Selon les sondages de sorties des urnes de trois instituts, Evo Morales distance de près de 40 points son premier rival de droite, l’ex-militaire et gouverneur provincial Manfred Reyes Villa, à 23-25% des voix. L’entrepreneur et ex-ministre de centre-droit Samuel Doria Medina, est crédité de 7% à 10%. Le parti présidentiel, le Mouvement vers le socialisme (MAS), recueillerait 24 ou 25 des 36 sièges du Sénat, soit la majorité absolue des deux-tiers. Il était déjà majoritaire à la Chambre des députés.

Voie ouverte vers un troisième mandat

Le contrôle du Parlement garantit au gouvernement une mise en œuvre sans entrave de sa «refondation» socialiste et pro-indigène du pays, sur la base de la nouvelle Constitution adoptée en janvier 2009. Il lui permet surtout le cas échéant d’amender la Constitution, par exemple sur le nombre de mandats présidentiels, au nombre de deux consécutifs actuellement. Il lui donne enfin les mains libres pour les hautes nominations, dans la justice en particulier.

Une toute-puissance du MAS est redoutée par l’opposition et préoccupe aussi des observateurs indépendants. La droite dénonce un risque de dérive despotique de la part d’Evo Morales, dans la lignée du président vénézuélien Hugo Chavez, son allié et mentor de la gauche radicale latino-américaine.

«La polarisation politique continue», a dénoncé dimanche soir le candidat battu Manfred Reyes Villa. Il a promis de lutter au parlement dans la «tranchée de la démocratie» contre des abus de pouvoir.

Climat de tranquillité

L’Equateur du socialiste Rafael Correa, lui-même réélu en avril, a été le premier à féliciter Evo Morales.

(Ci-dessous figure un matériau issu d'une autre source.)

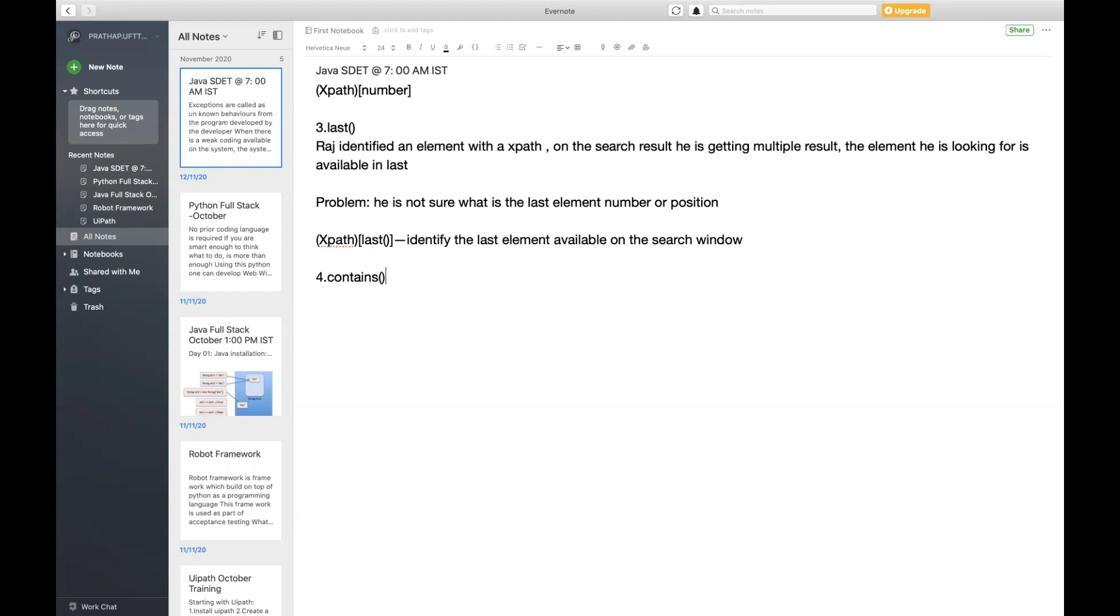It might be available at the start, or at the end, or in the middle of the given source string. I don't know the exact position but I'm sure my given word is available somewhere. In Java we use string variable dot contains of some word and get a boolean value.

Il a qualifié son élection d’«historique» et de «triomphe pour la démocratie bolivienne et de la région».

Les élections générales se sont déroulées dans un climat de «tranquillité et de paix» selon la mission d’observateurs de l’Union européenne. Cette ambiance contraste avec la tension de 2007-08, qui poussa le pays au bord de la guerre civile. Une fronde autonomiste dans l’Est prospère, fief de l’opposition, avait provoqué des violences politiques qui firent des dizaines de morts.

Le score d’Evo Morales fait de lui l’homme d’Etat le plus populaire en Bolivie depuis le nationaliste Victor Paz Estensorro il y a près de 50 ans. Cela alors que sa rhétorique anti-libérale, ses alliances (Venezuela, Iran), restent éminemment suspectes aux yeux de l’Occident. Tout comme le poids du narcotrafic en Bolivie, 3e producteur mondial de cocaïne.